The proposal in question would create a school board committee tasked with ensuring that all U.S. history materials taught in Jefferson County "promote citizenship, patriotism, essentials and benefits of the free enterprise system, respect for authority and respect for individual rights." The proposal also says that instructional materials "should present positive aspects of the United States and its heritage." The committee would be directed to inform the school board of any "objectionable materials" it might encounter.
Julie Williams, one of three conservative members who control the county school board and who helped design the proposal, said on Friday that she's "not saying let's not teach history accurately," but what she is saying is "let's not encourage our children to disobey the law." When Denver's KUSA-TV asked Williams for examples of moments in history that might be misrepresented in the AP course and could lead to the negative outcomes she fears, Williams couldn't cite a single example.
"I'm not familiar enough with everything that is in AP history to make that judgment," she said.
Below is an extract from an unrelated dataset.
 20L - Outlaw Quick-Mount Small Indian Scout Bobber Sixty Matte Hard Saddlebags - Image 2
In a statement posted to Facebook this week, Williams said she was "surprised" by the outrage her proposal has provoked and stood by her mission, arguing that the existing AP curriculum "rejects the history that has been taught in the country for generations" and that it "has an emphasis on race, gender, class, ethnicity, grievance and American-bashing."
Dakota Ridge High School senior Maggie Ramseur, who is involved in the protests, told HuffPost that the students fear that if the school board succeeds at changing the AP curriculum, a "dangerous" precedent would be set. "The policies they are suggesting are ridden with political agendas," Ramseur said, "something that belongs in our curriculum about as much as religious agendas do."
The school board is expected to take up the curriculum proposal in early October.
"The point of civil disobedience is to break an unjust law with the intention of bringing attention to it so that it may be rectified and made just," Ramseur said. "Teaching students about that does not encourage them to become anarchists. It encourages them to speak up about policy and make the government serve the people, which is what our democratic republic was designed for."
"And that is something that I learned in Advanced Placement United States History," she added. "The uncensored version."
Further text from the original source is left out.